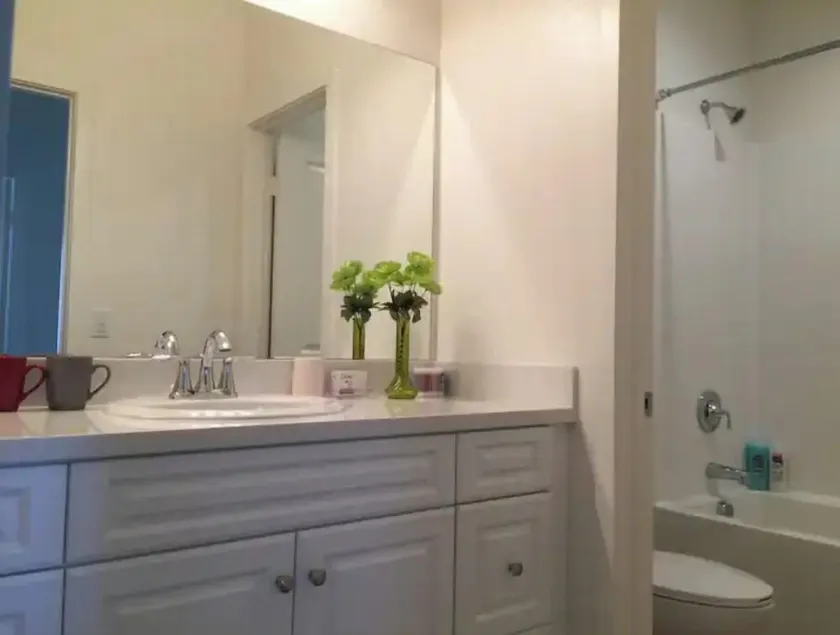 Chino Beautiful 4 Bedroom Home-奇诺新高端4房3衛别墅整租 - Image 1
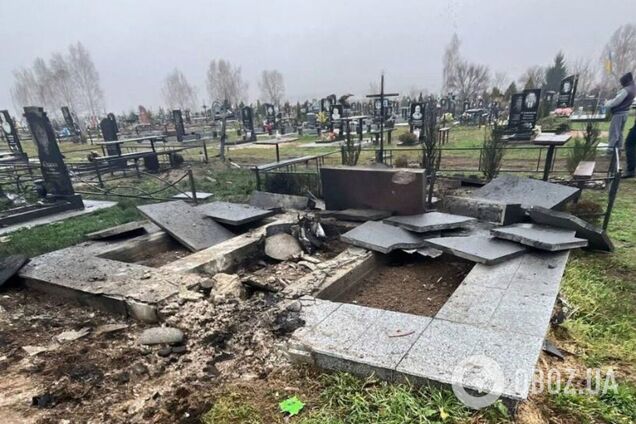 Враг не дает покоя даже мертвым: под Киевом российский 'Шахед' повредил кладбище. Фото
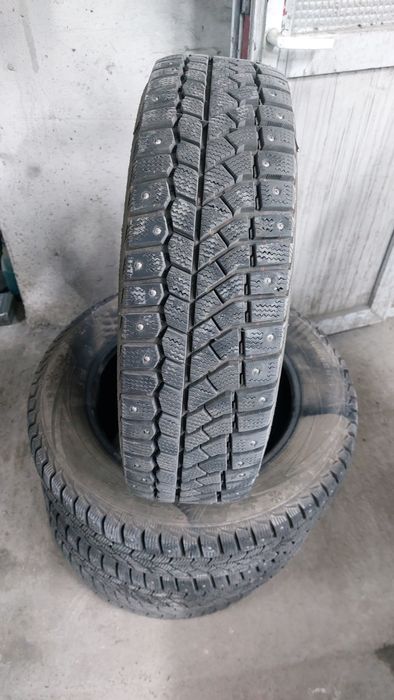 Продам резину 195/65/15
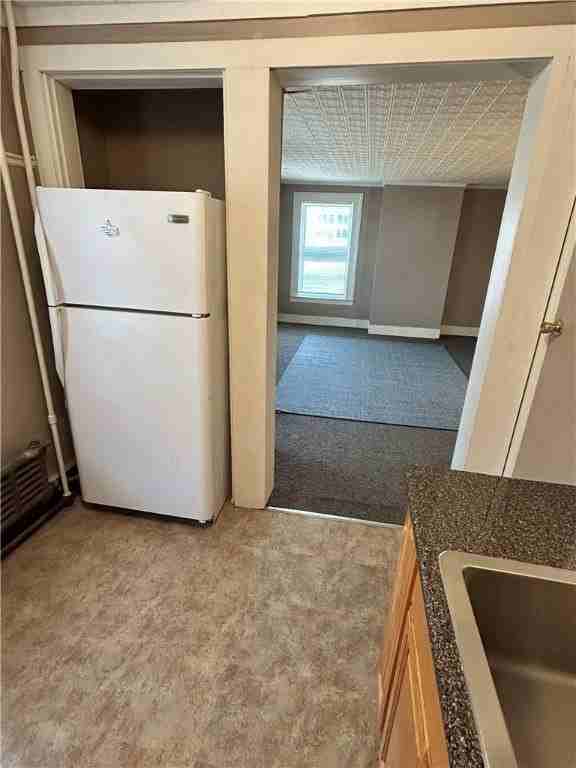 132 E Chemung Pl - Photo 4 of 10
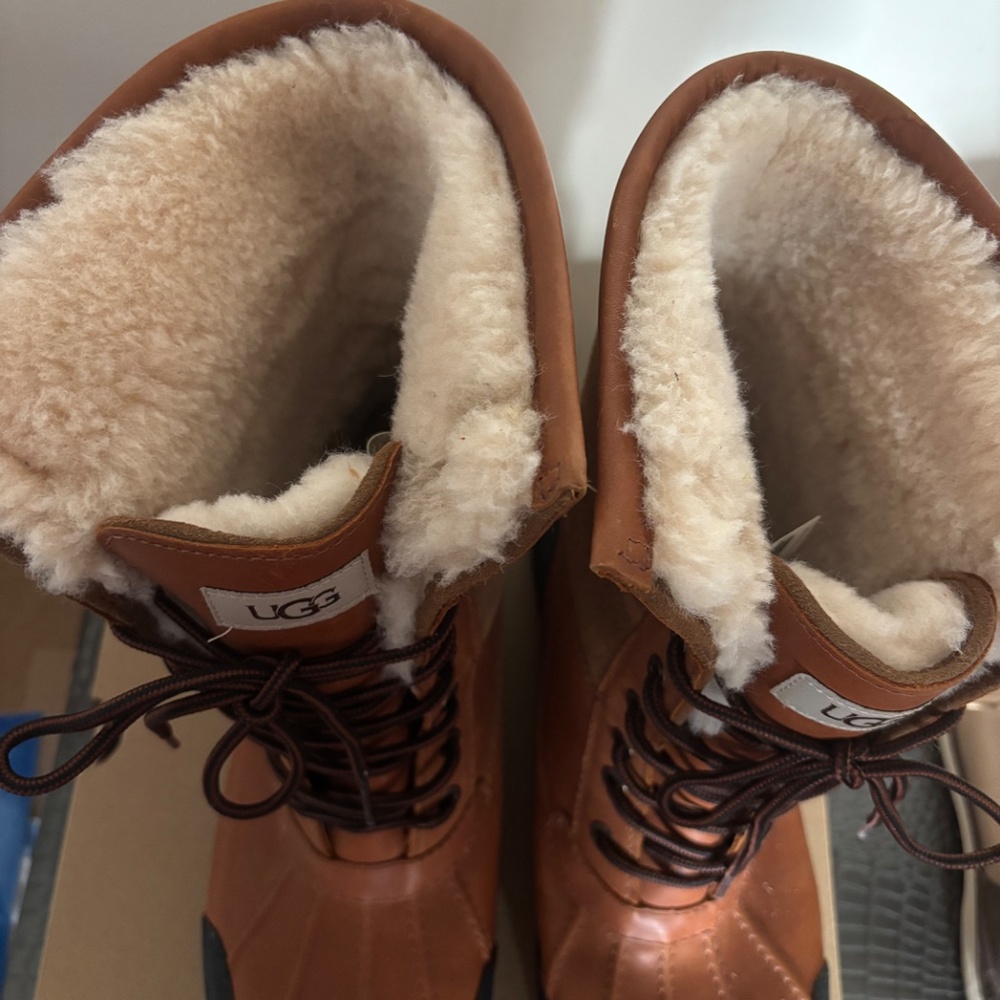 Ugg - Picture 3 of 4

• _Task goal_
Write out all the entries exactly, except for the pictures.

• _Reply_
 Chino Beautiful 4 Bedroom Home-奇诺新高端4房3衛别墅整租 - Image 1
 Враг не дает покоя даже мертвым: под Киевом российский 'Шахед' повредил кладбище. Фото
 Продам резину 195/65/15
 132 E Chemung Pl - Photo 4 of 10
 Ugg - Picture 3 of 4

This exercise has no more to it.